Dezeen Wire: a meals-on-wheels service that brings home cooked food to elderly residents is one of three projects that will share £100,000 awarded by the UK government's Small Business Research Initiative (SBRI) to the winners of a competition that called for innovative ideas to help elderly citizens live more independent lives.
The competition was organised by the Technology Strategy Board and the Design Council and the three winning companies will use the development contracts to continue refining and testing their services with the elderly community.
The Design Council's Chief Design Officer Mat Hunter said: "These next generation services will help us maintain our quality of life as we age. All three teams show how understanding real, human needs inspires better solutions and we believe that this design-led approach will encourage the wider economy to embrace this emerging business opportunity. We look forward to seeing these compelling concepts brought to life and to market.”
See previous announcements from the Design Council on Dezeen Wire.
Here is some more information from the Design Council:
New projects will develop innovative services to help older adults live independently for longer
Three innovative small companies have each been awarded government contracts worth £100,000 to develop new services that aim to help older adults live independently for longer through adopting better approaches to food and nutrition.
The awards follow the companies’ success in the ‘Independence Matters – Home and Away’ competition for development contracts, a joint programme between the Technology Strategy Board (www.innovateuk.org) and the Design Council (www.designcouncil.org.uk). The contracts, awarded through the Small Business Research Initiative (SBRI), will enable the three companies to work with designers to develop human-centred service solutions that help to ensure the independence of adults in older age, and which are ready to be scaled-up and rolled out to the commercial market.

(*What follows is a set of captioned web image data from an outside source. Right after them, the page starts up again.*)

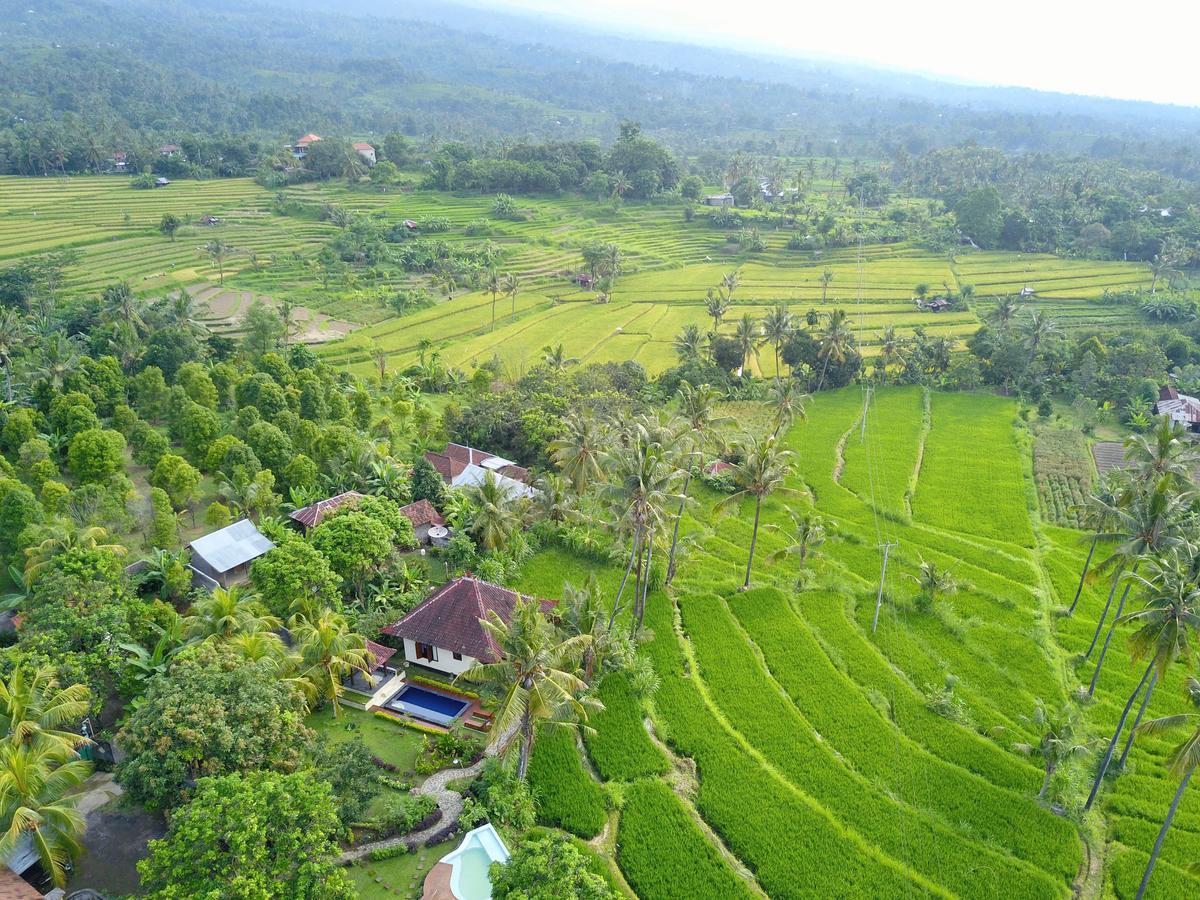 Lafyu Bali Hotel Singaraja Екстериор снимка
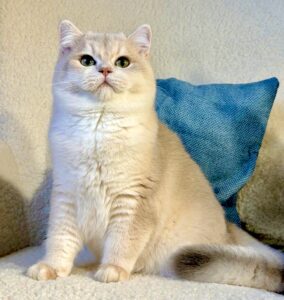 Helios the golden British Short Hair sits and looks proud in front of the camera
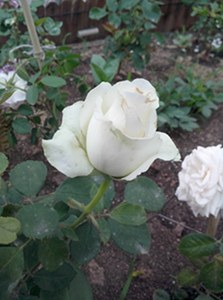 IMG20130515004.jpg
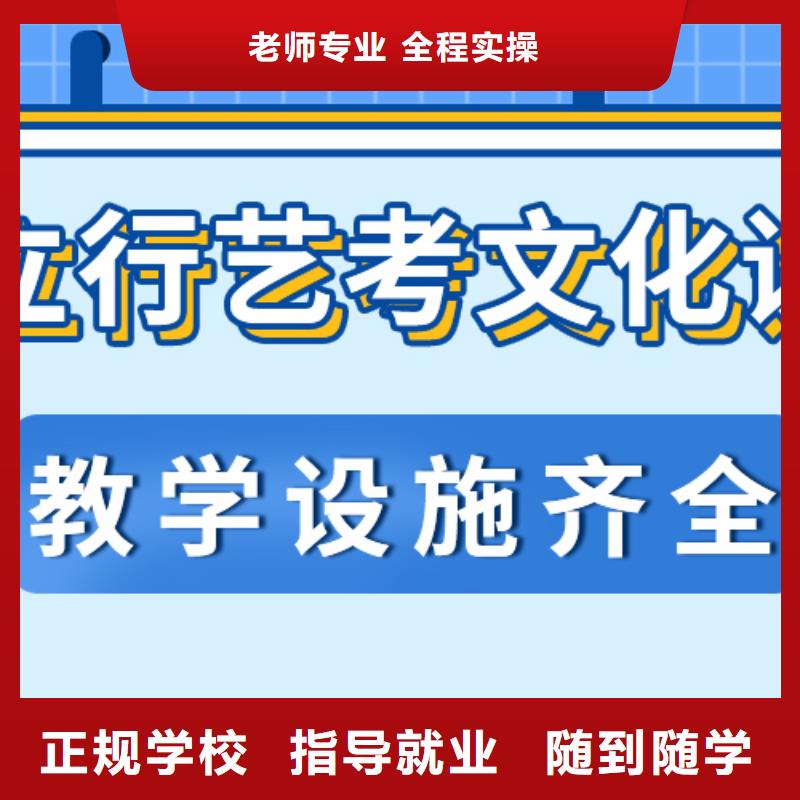 艺术生文化课艺考文化课冲刺技能+学历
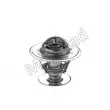 Thermostat d'eau MOTORAD 591-88K - Visuel 1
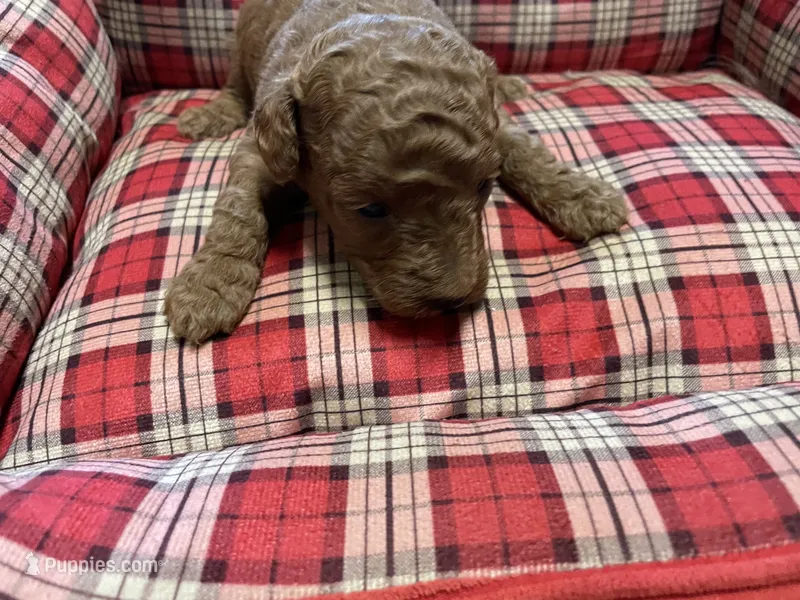 Copper  – Poodle - Toy  puppy for sale in Stilwell, OK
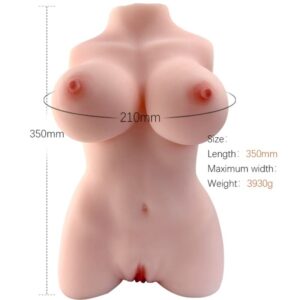 Weiblicher Torso – Modell 3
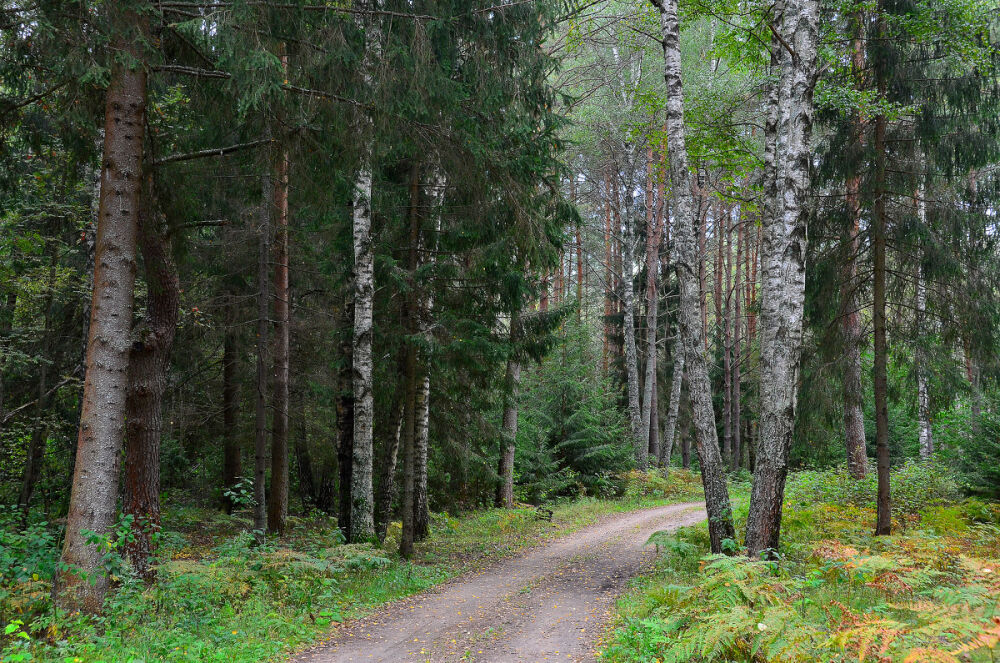 Смешанный лес :: Miola – Социальная сеть ФотоКто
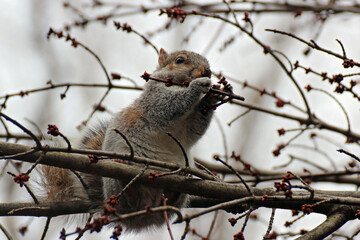 Squirrel in Tree - Holding Stick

The companies awarded the funding are:
FutureGov (London): Casserole is a modern twist on the meals on wheels service which will connect food enthusiasts in the community to cook an extra plate or two of home-made food for people in their area who would benefit from it. Casserole aims to connect communities one good shared meal at a time."
Sidekick Ventures (London): League of Meals is a tool to digitise older adults' home recipes, share them with a private network, and enable them and others to organise social meal events to enjoy home-cooking.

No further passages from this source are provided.